When I said about your web site ,"doesn't say very much about the underlying technology" I meant there weren't enough details to answer questions like how much interaction the user has with the fem chatbot, how the video interface acts, etc. For instance, are the video portions somehow lip-synched to the AIML responses so that the character lip-synchs in real-time to the user's custom code? Or are the video scenes just cut scenes dynamically tacked together? Can you create custom scenes? Can you link AIML code to actions in the video? If so, how? Your downloadable mpeg is just a short naughty video that says nothing about the chatbot's capabilities. Your company's web site leaves me with the impression that your product is a programmable AIML based chatbot that talks dirty to me while showing me some slightly interactive XXX videos. I hope your product is (or will be someday) much more than that.
The screen shot you have posted here just shows a programming interface. Most of us here known what AIML is, how it works and such. A user-friendly interface is important, but that speaks to future potential, not what your product currently does. Nothing on your site would induce me to risk my $29.95 on some unknown software. How about supplying a downloadable demo version or a free interactive tour on your web site?
In regards to your statement, "You could not be more wrong in saying that we do not care about our technology, or are not serious about being the cutting edge of adult chat bot software." I was talking about the "industry" in general, not specifically your company. Perhaps I sound a bit harsh when I speak of the adult entertainment industry. Like everyone else on the planet I get bombarded with XXX email spam, I have to take precautions that my browser doesn't get hijacked and directed to an XXX site, I fear that the latest "free" software has spyware tied to an XXX company, and the list goes on. Like millions of others I've been a victim of incessant pop-ups ad's promising that luscious babes are dying to hear from me. And yes, in my earlier naive days of Internet initiation I have clicked those ad's that supposely lead to wonderous adult pleasures on the web only to be met with pop-up ad's, excessive spawned windows of my browser, requests for credit card numbers, but never what was promised. The adult entertainment industry as a whole has become *the* expert at dangling carrots, collecting $$$, and coming up short on delivering the goods. IMHO the adult entertainment industry treats their customers like debauched individuals with prurient Pavlovian instincts. Sadly it doesn't need to be that way, but apparently that is historically the nature of the industry.
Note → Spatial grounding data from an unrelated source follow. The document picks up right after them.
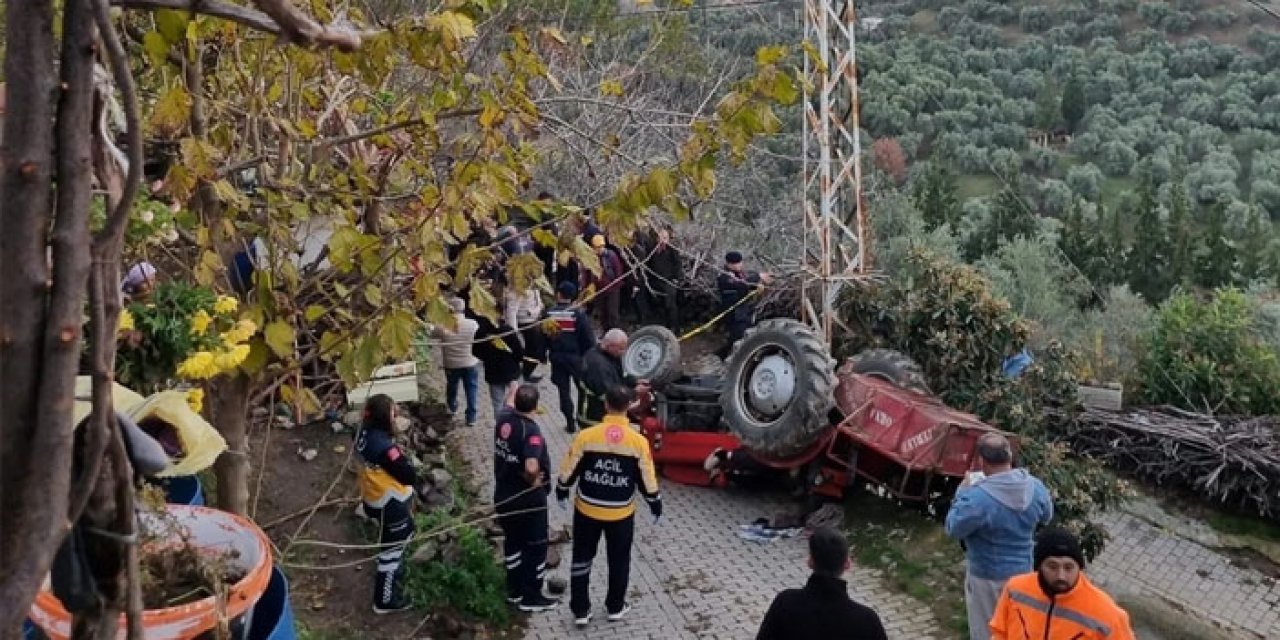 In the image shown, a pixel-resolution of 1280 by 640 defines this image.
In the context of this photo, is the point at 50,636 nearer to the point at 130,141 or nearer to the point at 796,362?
the point at 130,141

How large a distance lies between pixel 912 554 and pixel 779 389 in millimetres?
1592

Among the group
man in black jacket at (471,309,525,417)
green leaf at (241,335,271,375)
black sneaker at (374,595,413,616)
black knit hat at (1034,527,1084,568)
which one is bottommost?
black sneaker at (374,595,413,616)

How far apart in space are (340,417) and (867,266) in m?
5.25

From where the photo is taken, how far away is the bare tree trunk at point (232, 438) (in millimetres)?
4070

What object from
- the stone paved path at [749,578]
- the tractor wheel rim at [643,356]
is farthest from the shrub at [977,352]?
the tractor wheel rim at [643,356]

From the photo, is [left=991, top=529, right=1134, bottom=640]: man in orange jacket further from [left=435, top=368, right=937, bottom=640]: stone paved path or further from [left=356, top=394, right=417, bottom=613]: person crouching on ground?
[left=356, top=394, right=417, bottom=613]: person crouching on ground

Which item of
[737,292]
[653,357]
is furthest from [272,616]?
[737,292]

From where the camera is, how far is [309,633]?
6.12 metres

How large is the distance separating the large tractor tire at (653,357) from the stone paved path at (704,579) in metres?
1.04

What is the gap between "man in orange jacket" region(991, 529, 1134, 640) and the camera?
4207 mm

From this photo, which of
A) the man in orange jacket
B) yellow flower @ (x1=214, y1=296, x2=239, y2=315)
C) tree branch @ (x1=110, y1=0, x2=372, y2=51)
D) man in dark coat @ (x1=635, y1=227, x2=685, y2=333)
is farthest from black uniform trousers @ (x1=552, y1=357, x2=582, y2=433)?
tree branch @ (x1=110, y1=0, x2=372, y2=51)

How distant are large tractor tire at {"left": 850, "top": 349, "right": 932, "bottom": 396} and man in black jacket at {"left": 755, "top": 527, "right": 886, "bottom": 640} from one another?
4.66 m

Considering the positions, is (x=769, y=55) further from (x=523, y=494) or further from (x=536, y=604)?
(x=536, y=604)

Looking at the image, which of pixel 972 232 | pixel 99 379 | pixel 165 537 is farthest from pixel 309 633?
pixel 972 232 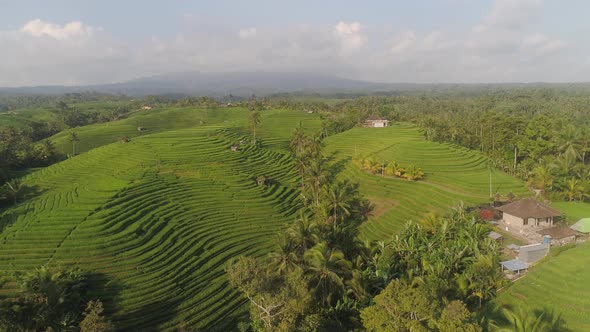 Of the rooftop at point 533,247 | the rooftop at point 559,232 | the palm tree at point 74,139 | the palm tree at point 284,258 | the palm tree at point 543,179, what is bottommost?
the rooftop at point 533,247

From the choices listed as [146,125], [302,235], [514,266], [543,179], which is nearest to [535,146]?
[543,179]

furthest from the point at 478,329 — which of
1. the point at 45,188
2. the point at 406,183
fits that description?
the point at 45,188

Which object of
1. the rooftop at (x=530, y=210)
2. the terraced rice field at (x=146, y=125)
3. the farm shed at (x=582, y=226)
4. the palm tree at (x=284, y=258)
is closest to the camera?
the palm tree at (x=284, y=258)

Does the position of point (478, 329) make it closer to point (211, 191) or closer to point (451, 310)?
point (451, 310)

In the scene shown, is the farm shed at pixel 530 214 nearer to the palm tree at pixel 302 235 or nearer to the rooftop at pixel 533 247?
the rooftop at pixel 533 247

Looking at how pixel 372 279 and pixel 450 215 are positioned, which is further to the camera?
pixel 450 215

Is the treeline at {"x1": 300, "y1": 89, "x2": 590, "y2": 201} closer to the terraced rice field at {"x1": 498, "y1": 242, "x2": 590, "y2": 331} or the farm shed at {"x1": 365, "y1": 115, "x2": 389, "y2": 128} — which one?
the farm shed at {"x1": 365, "y1": 115, "x2": 389, "y2": 128}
Is there an apparent credibility gap here? Sure. You and your company may be "one of the good guys". I don't know and I can't tell from your web site. If your company plans to deliver a quality product at a fair price and listen to and support your customers then you will gain my confidence. Who knows, maybe I would even become a customer.
<rant ends here>
=vonsmith=
P.S. - dihelson, I wouldn't run that E-donkey 13MB file. File sharing services are full of worms, trojans, and spyware. They often disguise them as "adult content" files to trap the unexpecting. I keep an old PC around, separate from my network, just to initially run downloaded software on to test it for cr*p. About 2% to 3% of the executable files I get from file sharing networks have some unsavory payloads in them.